The Stories We Govern By: AI, Risk, and the Power of Imaginaries
It addresses the problem of speculative dogmatism in AI governance for policymakers and scholars, advocating for pragmatic regulatory strategies, but it is incremental in applying existing concepts from science and technology studies.
This paper analyzes how three competing sociotechnical imaginaries of AI risk—existential risk, accelerationism, and critical AI—influence governance decisions by embedding distinct assumptions about risk, potentially narrowing policy options.

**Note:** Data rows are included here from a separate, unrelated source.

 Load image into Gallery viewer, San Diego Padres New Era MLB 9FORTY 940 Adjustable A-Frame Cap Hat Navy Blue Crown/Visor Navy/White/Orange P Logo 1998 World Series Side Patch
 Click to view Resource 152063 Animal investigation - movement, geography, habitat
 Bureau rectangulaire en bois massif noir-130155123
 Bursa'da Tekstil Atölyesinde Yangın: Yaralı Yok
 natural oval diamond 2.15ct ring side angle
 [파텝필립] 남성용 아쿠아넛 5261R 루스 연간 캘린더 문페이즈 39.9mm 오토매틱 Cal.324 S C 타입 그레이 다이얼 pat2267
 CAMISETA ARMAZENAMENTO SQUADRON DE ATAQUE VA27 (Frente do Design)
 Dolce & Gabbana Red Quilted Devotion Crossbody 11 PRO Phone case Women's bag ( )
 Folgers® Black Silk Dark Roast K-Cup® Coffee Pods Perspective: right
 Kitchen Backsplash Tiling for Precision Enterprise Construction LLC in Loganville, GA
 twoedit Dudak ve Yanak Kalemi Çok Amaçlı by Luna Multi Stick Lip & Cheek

This paper examines how competing sociotechnical imaginaries of artificial intelligence (AI) risk shape governance decisions and regulatory constraints. Drawing on concepts from science and technology studies, we analyse three dominant narrative groups: existential risk proponents, who emphasise catastrophic AGI scenarios; accelerationists, who portray AI as a transformative force to be unleashed; and critical AI scholars, who foreground present-day harms rooted in systemic inequality. Through an analysis of representative manifesto-style texts, we explore how these imaginaries differ across four dimensions: normative visions of the future, diagnoses of the present social order, views on science and technology, and perceived human agency in managing AI risks. Our findings reveal how these narratives embed distinct assumptions about risk and have the potential to progress into policy-making processes by narrowing the space for alternative governance approaches. We argue against speculative dogmatism and for moving beyond deterministic imaginaries toward regulatory strategies that are grounded in pragmatism.